ENTRIES SHOWN:
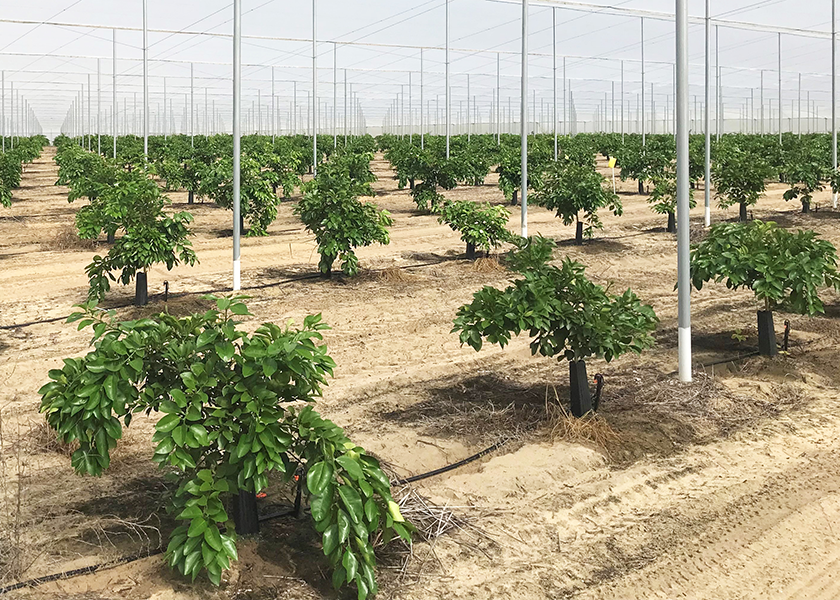 One way Dundee, Fla.-based Dundee Citrus Growers Association, whose fruit is marketed by Florida Classic Growers, enhances sustainability is by implementing the CUPS — citrus under protective screen — protocol to grow grapefruit trees, says CEO Steve Callaham.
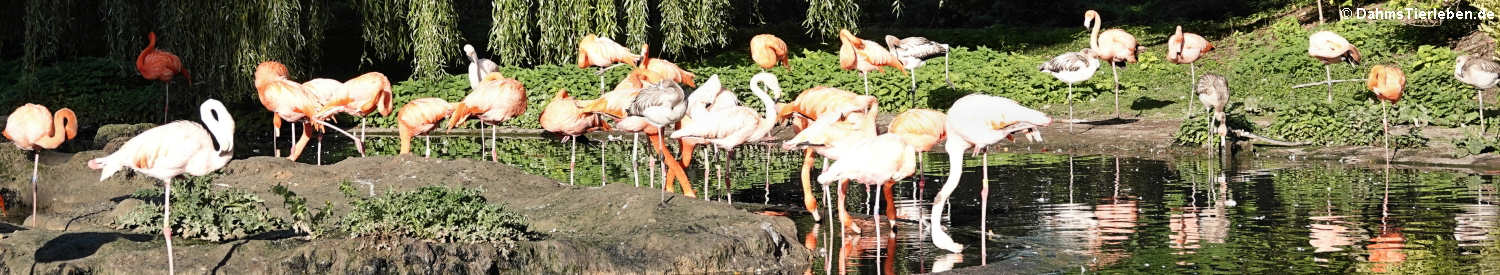 Kubaflamingos (Phoenicopterus ruber ruber)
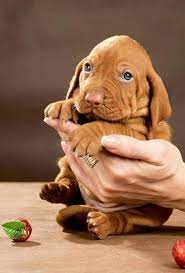 Pin By Tom Foster On Vizsla Love Vizsla Dogs Vizsla Cute Puppies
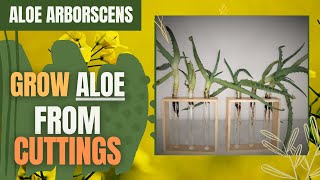 How to grow Aloe Vera from cuttings  Water Propagate Aloe Vera Tips and Tricks Tuesdays  Ep 5 [upl. by Htebizile]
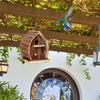 Birdhouse Bird Home view 3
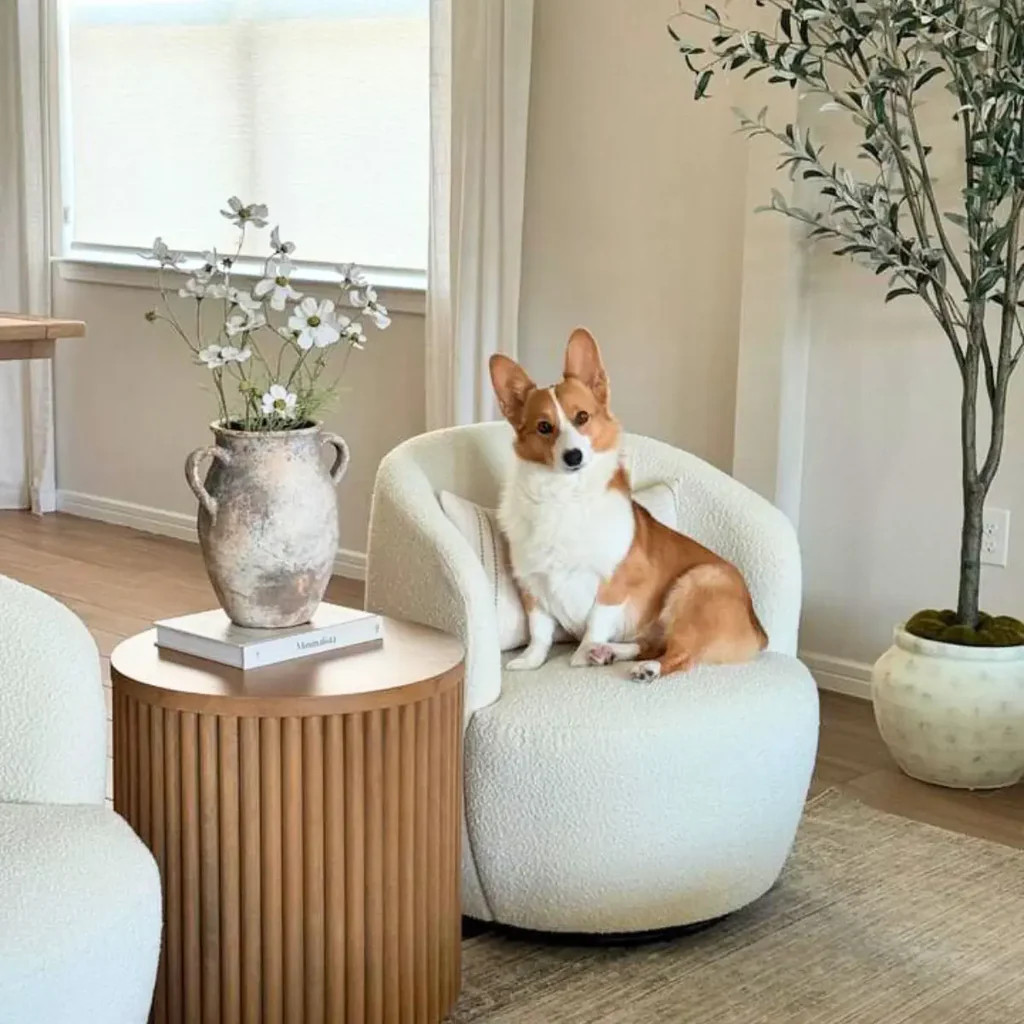 Bella Modern White Boucle Swivel Barrel Chair (1-Piece) | Pop Maison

WORK ITEM:
Every line from the one containing "Birdhouse Bird Home view 3" through the final line of the records above is to be written out exactly; nothing else, and no pictures.

REPLY:
 Birdhouse Bird Home view 3
 Bella Modern White Boucle Swivel Barrel Chair (1-Piece) | Pop Maison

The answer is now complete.